Kronik spontan ürtiker hastalarındaki psikiyatrik bozuklukların erken dönemde saptanması aynı zamanda ürtiker hastalığının tedavisinde de daha başarılı olmamızı sağlayabilir. Çünkü bu psikiyatrik bozukluklara anti depresan veya anksiyolitik gibi farmakolojik müdahaleler ile kronik ürtikerde iyileşmenin meydana gelebileceği daha önceki çalışmalarda gösterilmiştir27,28. Bu sonuçlar, ürtiker tedavisine ek olarak herhangi bir potansiyel psikiyatrik bozukluğun erken tanınmasını ve yönetimini içeren multidisipliner bir terapötik yaklaşıma olan ihtiyacın altını çizmektedir.

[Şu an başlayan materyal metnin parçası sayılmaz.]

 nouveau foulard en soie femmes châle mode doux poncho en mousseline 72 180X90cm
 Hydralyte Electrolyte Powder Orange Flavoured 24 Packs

Çalışmamızın önemli sonuçları olmasına rağmen birkaç kısıtlılığı mevcuttur. Birincisi, birçok vitamin eksikliği depresyon ve anksiyeteye neden olabilmektedir9. Çalışmamızda hepsini değerlendirmek mümkün olmamakla birlikte rutinde bakılan 4 ana vitamin grubu değerlendirilerek düşük bulunan hastaların değerlendirmelerinin vitamin tedavisi sonrasında yapılmış olması nedeniyle bu konuda kısmen sekonder nedenlerin dışlandığını düşünmekteyiz. Yine aynı şekilde diğer sistemik hastalıklar ve nörolojik hastalıklarda sekonder depresyon nedeni olabilir9. İleri yaştaki hastaların ve tiroid fonksiyon testleri gibi bazı biyokimyasal testlerle diğer hastalıkların dışlanarak, çalışmaya alınmamasını sağlamakla birlikte yine de bazı hastalıklar erken dönemde biyokimyasal olarak normal seyretmesi nedeniyle tespit edilememiş olabilir ancak bu sayının çalışma popülasyonunun çok küçük bir oranını yansıttığını tahmin etmekteyiz.
Sonuç olarak, kronik spontan ürtikerli hastalarda anksiyete ve depresyon gibi psikiyatrik hastalıkların sık görülmesi nedeniyle bu hastalardaki psikiyatrik komorbiditeyi ön görmede total Ig E değerinin önemli bir rolü olabileceği ön görülmektedir. Bu çalışma başta alerji ve dermatoloji uzmanları olmak üzere kronik ürtiker tedavisinde rol alan tüm hekimlerin özellikle total Ig E yüksek olan ürtiker hastalarını bir psikiyatri uzmanına yönlendirmesi konusunda rehberlik etmesi açısından önemlidir. Kronik spontan ürtiker hastalarının yönetiminde alerjistler ve dermatologlar ile psikiyatristlerin birlikte çalışmasının hastalığın seyrine olumlu etki oluşturabileceği düşünülmektedir.